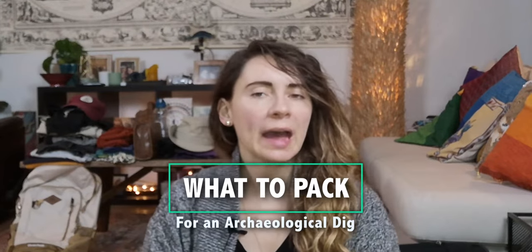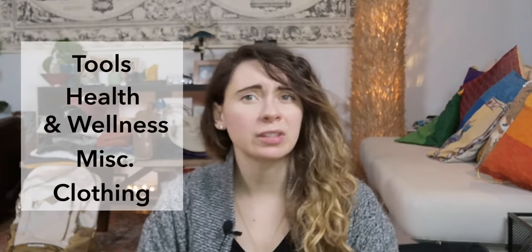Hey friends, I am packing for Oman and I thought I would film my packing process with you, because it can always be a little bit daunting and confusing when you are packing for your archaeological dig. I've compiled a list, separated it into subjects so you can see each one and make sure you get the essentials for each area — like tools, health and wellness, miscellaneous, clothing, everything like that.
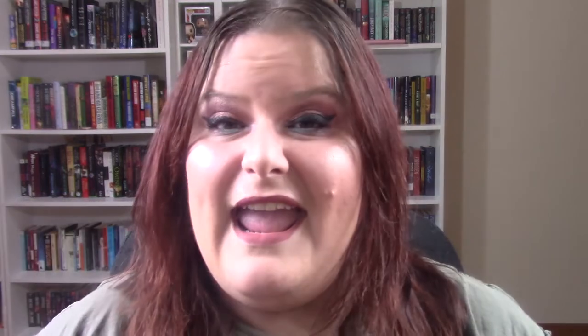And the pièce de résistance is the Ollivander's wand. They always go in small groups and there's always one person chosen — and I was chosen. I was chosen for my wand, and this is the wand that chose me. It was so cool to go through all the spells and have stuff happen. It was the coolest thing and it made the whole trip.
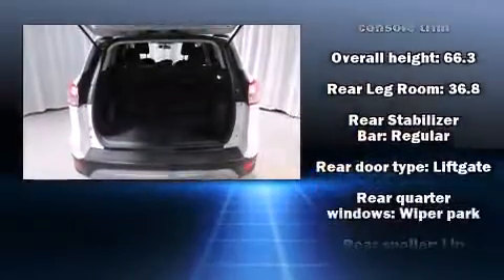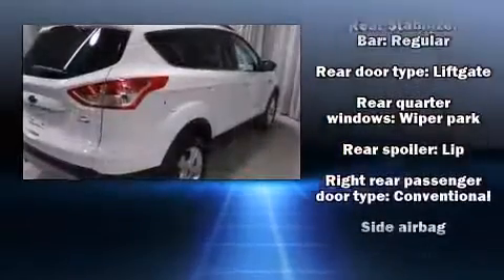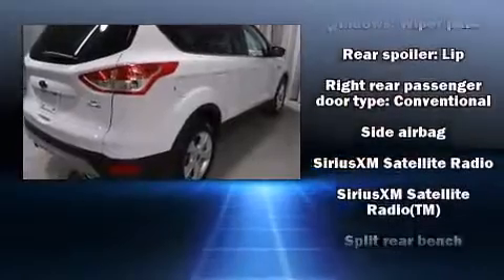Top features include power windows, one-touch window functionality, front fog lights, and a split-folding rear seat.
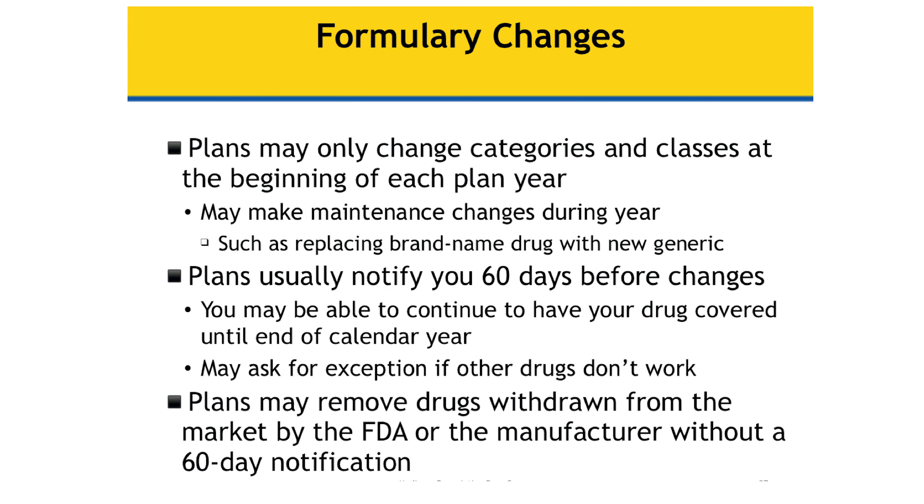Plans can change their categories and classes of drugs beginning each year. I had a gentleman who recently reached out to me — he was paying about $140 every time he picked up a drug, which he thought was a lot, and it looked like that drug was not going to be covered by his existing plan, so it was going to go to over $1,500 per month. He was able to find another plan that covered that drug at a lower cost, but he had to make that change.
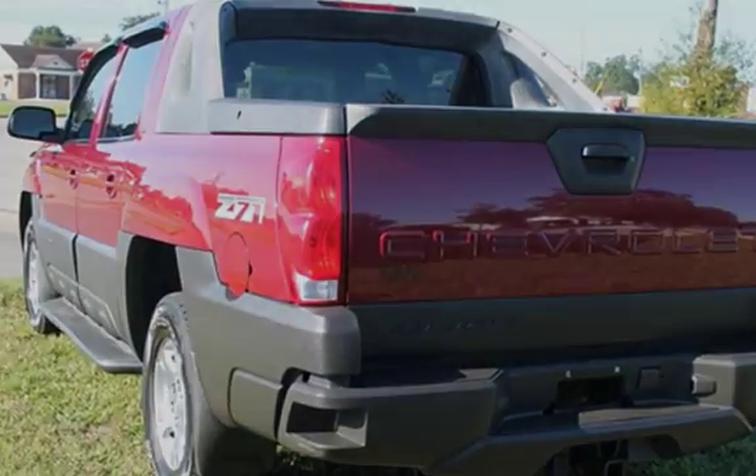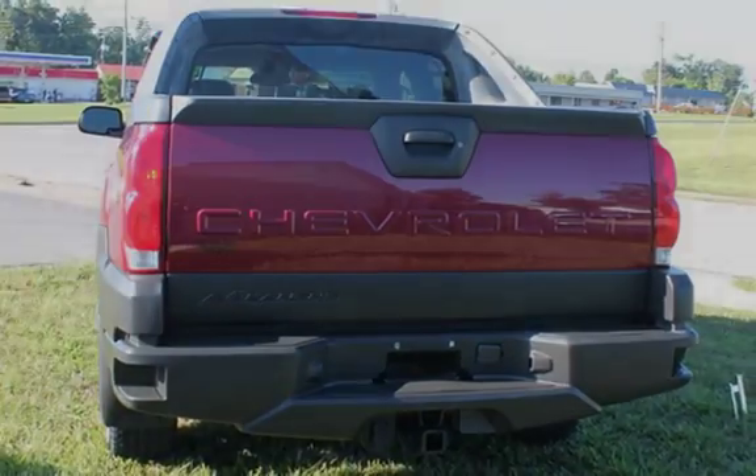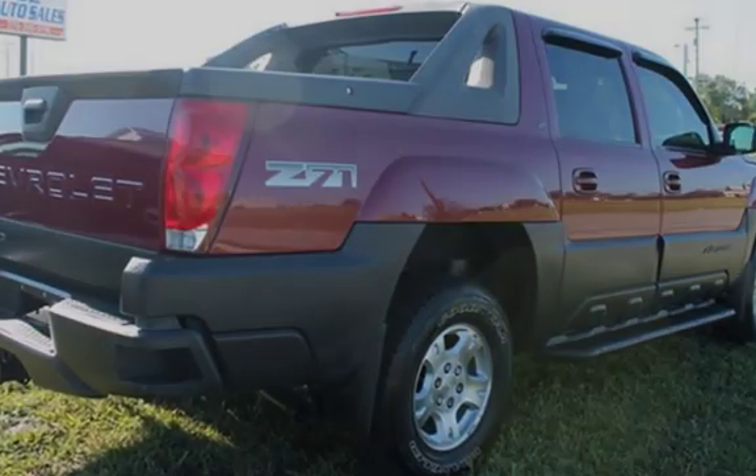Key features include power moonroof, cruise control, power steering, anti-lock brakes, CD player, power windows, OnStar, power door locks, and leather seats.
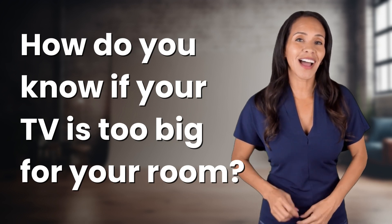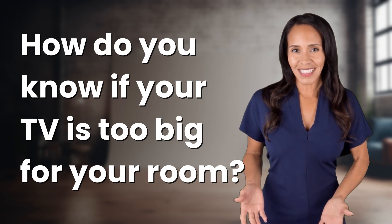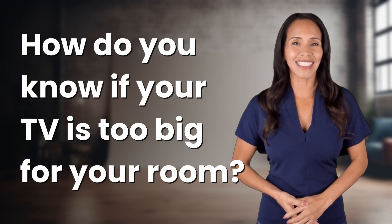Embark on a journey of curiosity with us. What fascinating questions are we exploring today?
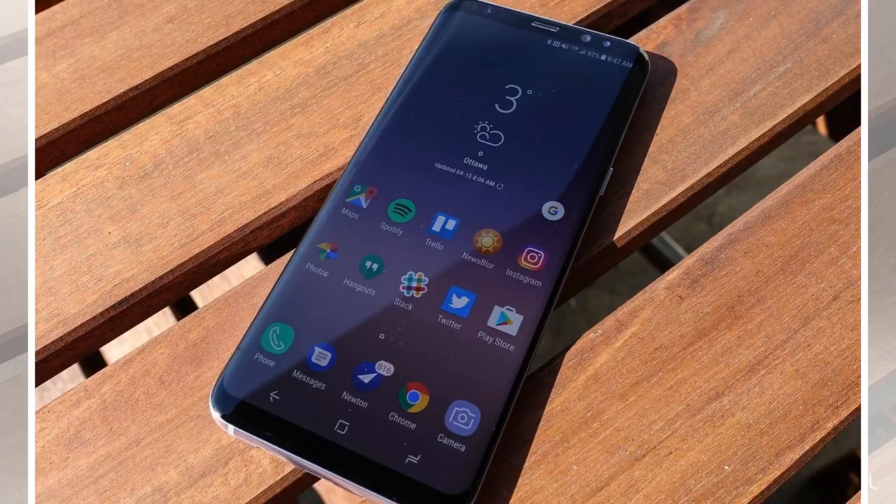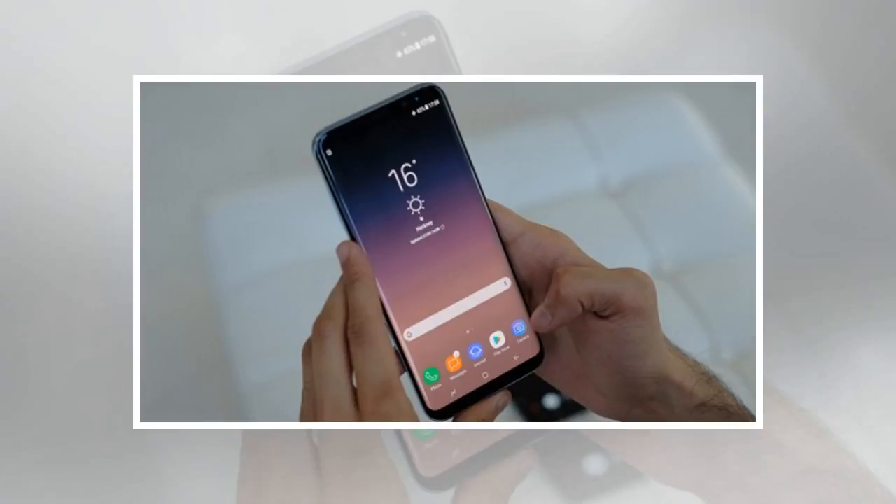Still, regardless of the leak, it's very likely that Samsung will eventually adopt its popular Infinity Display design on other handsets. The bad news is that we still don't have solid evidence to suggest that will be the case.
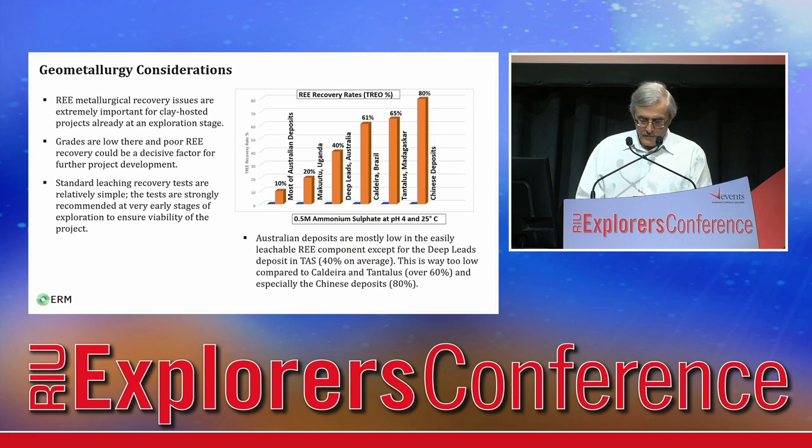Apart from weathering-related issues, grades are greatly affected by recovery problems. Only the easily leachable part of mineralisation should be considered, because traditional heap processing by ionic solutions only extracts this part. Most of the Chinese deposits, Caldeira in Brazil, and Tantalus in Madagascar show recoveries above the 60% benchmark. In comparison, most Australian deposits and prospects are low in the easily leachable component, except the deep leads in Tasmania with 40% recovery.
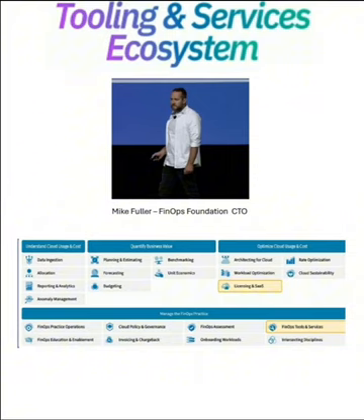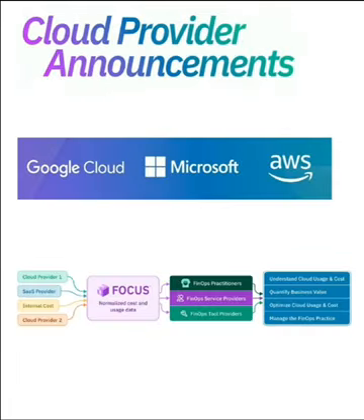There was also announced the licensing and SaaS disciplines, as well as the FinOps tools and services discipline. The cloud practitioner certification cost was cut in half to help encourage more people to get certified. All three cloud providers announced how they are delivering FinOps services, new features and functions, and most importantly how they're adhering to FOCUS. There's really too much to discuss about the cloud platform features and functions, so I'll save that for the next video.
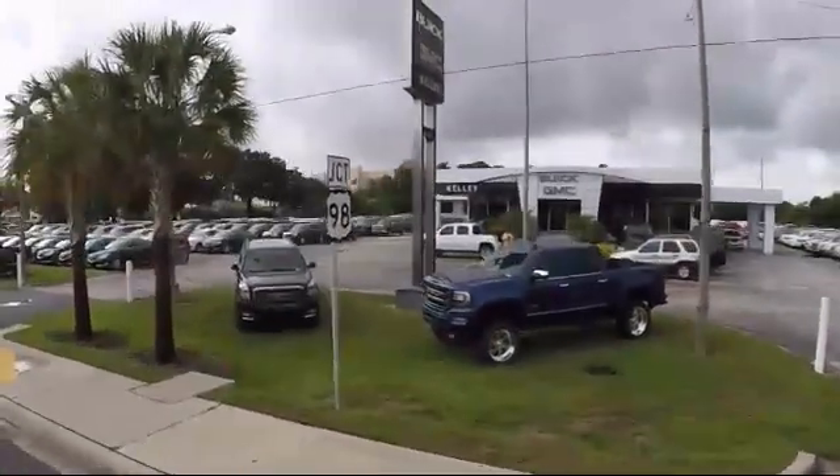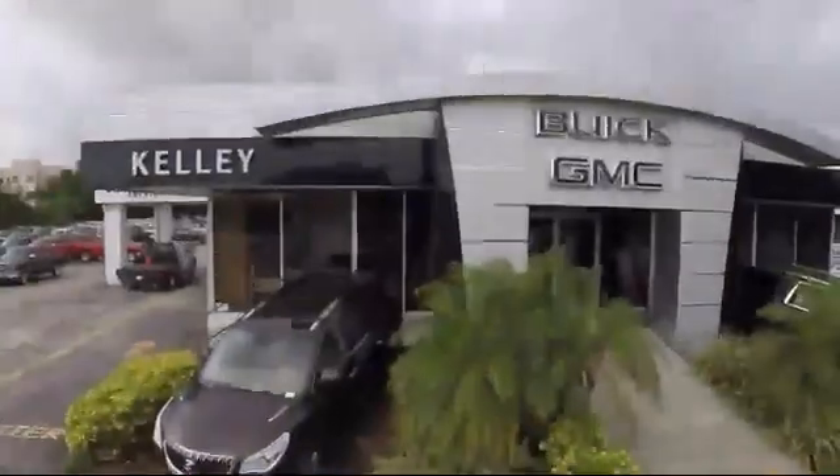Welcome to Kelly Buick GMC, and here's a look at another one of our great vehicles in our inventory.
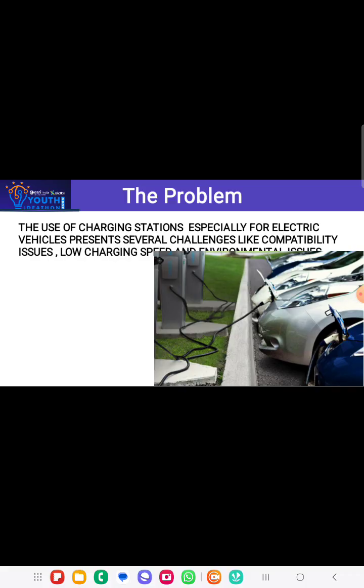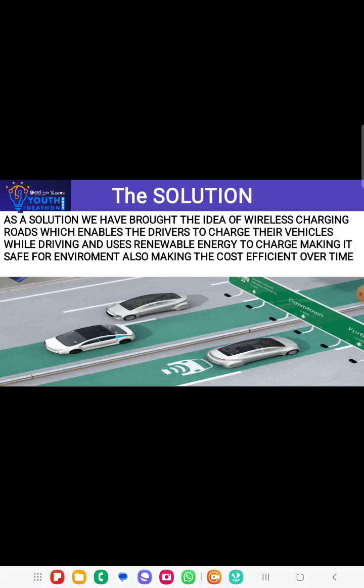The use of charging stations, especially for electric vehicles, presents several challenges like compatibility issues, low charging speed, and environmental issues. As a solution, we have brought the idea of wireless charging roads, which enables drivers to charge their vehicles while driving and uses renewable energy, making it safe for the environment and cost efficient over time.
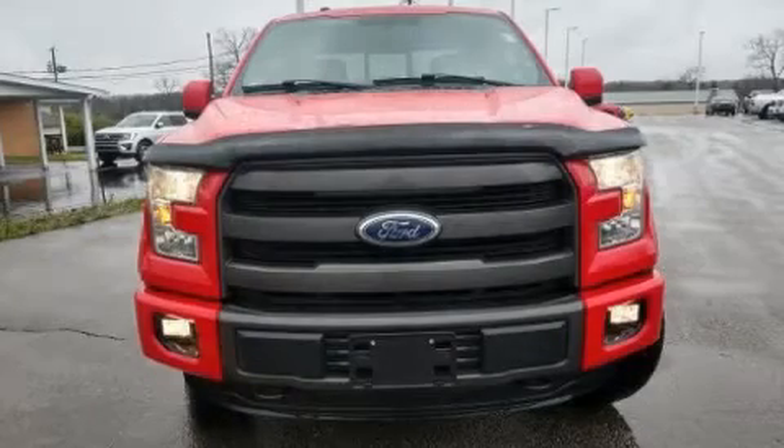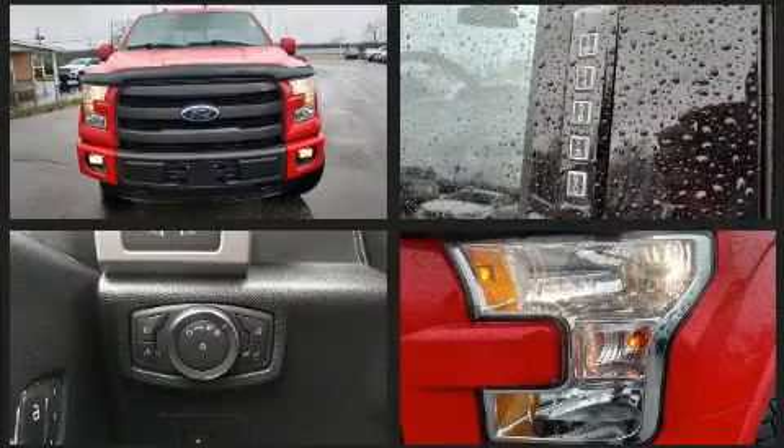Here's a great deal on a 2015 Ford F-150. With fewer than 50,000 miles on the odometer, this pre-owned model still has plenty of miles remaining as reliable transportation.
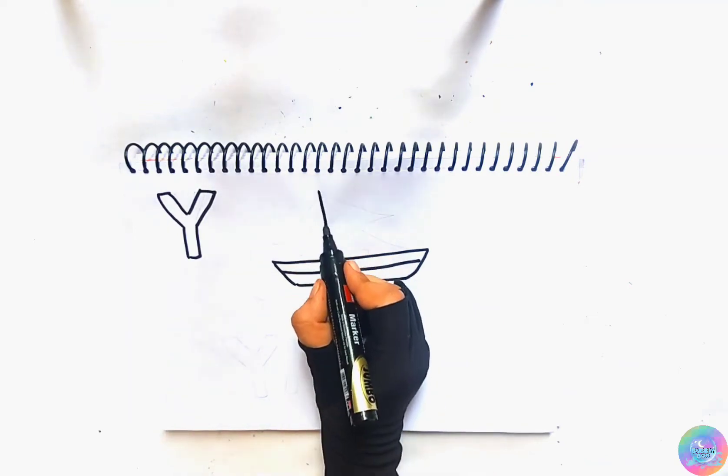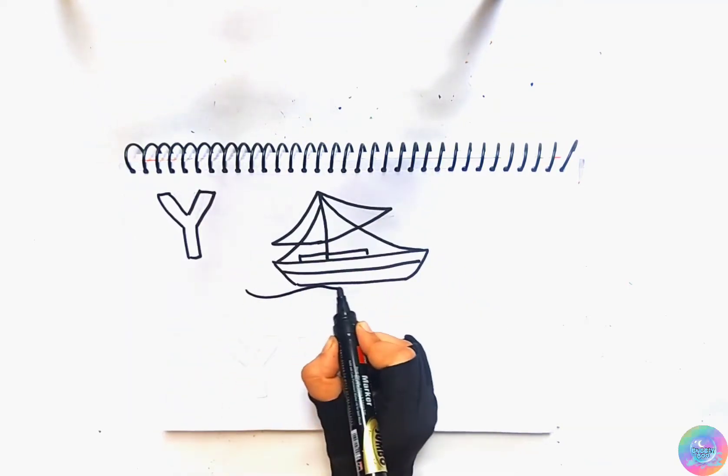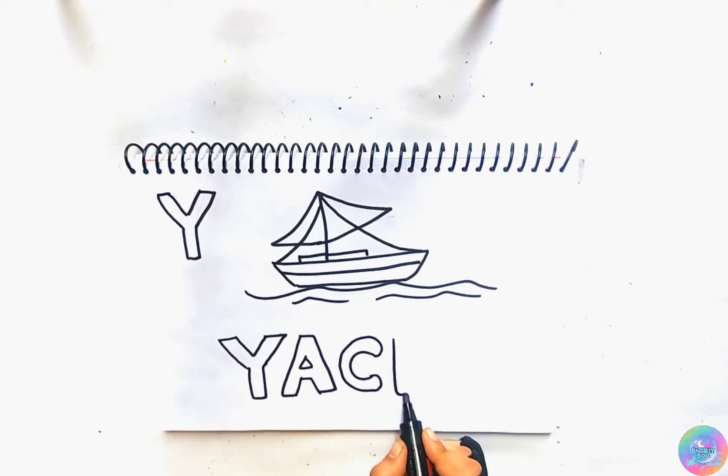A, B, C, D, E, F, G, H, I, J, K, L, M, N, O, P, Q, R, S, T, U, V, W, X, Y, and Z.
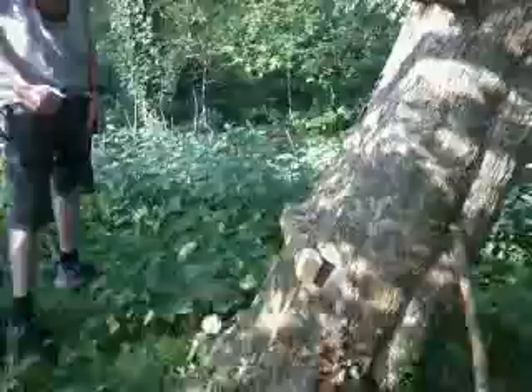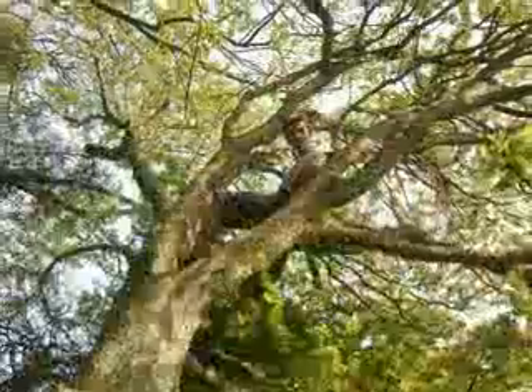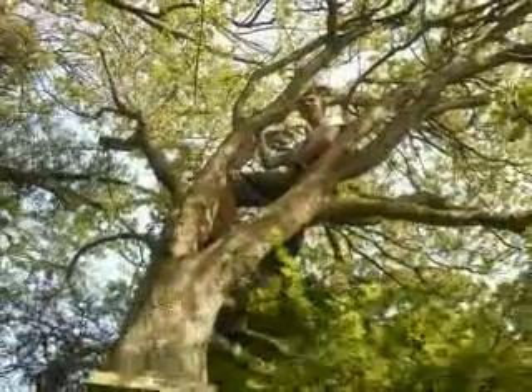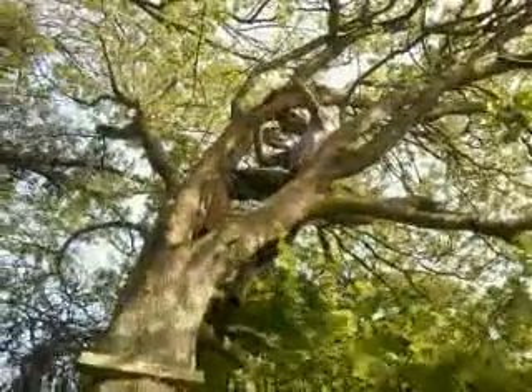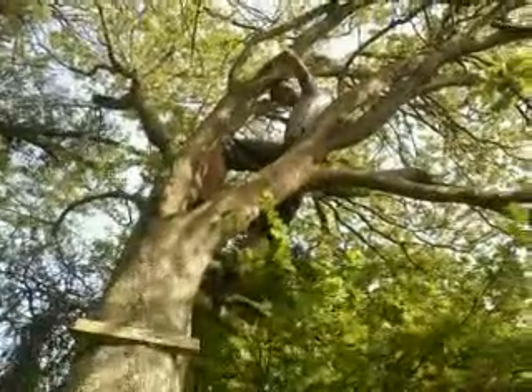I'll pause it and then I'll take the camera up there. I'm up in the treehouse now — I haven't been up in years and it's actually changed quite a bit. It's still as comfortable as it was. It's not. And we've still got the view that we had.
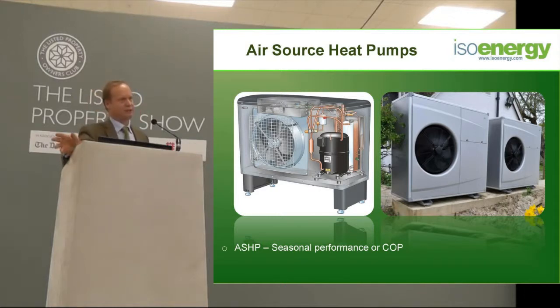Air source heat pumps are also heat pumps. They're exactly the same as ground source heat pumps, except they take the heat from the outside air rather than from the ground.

**EXERCISE OBJECTIVE:**
What you give back should be exactly the lines from the top of the data above down to and including the line with "Top features include", minus any pictures.

**EXPECTED ANSWER:**
Hey friends, I am packing for Oman and I thought I would film my packing process with you, because it can always be a little bit daunting and confusing when you are packing for your archaeological dig. I've compiled a list, separated it into subjects so you can see each one and make sure you get the essentials for each area — like tools, health and wellness, miscellaneous, clothing, everything like that.
And the pièce de résistance is the Ollivander's wand. They always go in small groups and there's always one person chosen — and I was chosen. I was chosen for my wand, and this is the wand that chose me. It was so cool to go through all the spells and have stuff happen. It was the coolest thing and it made the whole trip.
Top features include power windows, one-touch window functionality, front fog lights, and a split-folding rear seat.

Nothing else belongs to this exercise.